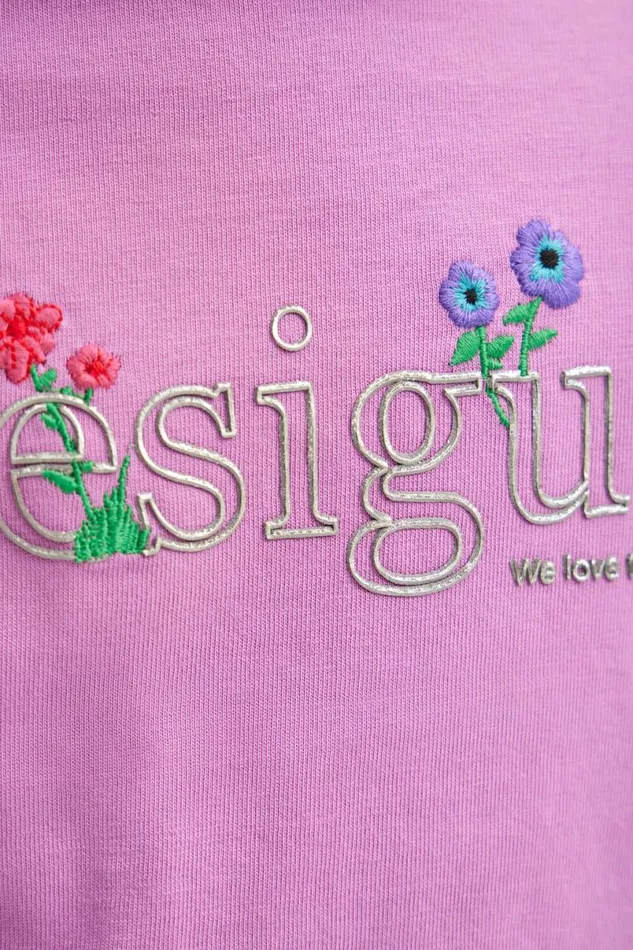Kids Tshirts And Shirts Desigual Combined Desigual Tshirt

---

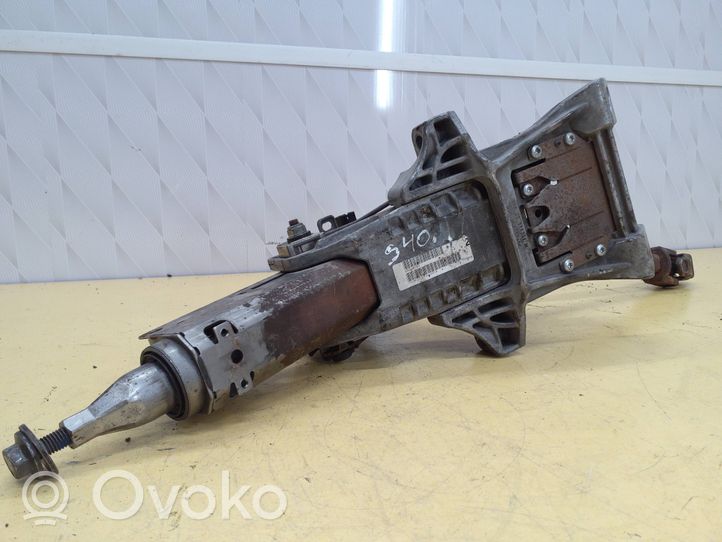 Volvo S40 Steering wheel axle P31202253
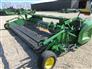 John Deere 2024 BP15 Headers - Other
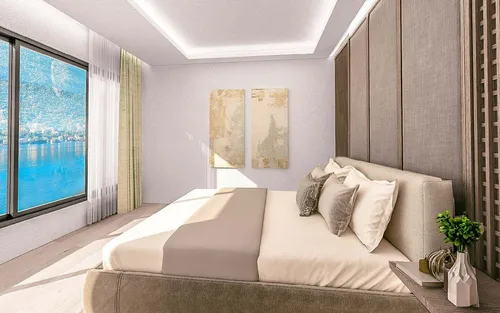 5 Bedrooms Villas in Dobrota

■ REQUIREMENT ■
Reproduce the entries exactly, from the line with "Volvo S40 Steering wheel axle P31202253" to the line with "5 Bedrooms Villas in Dobrota", both lines included, keeping no pictures.

■ ANSWER TO THIS TASK ■
 Volvo S40 Steering wheel axle P31202253
 John Deere 2024 BP15 Headers - Other
 5 Bedrooms Villas in Dobrota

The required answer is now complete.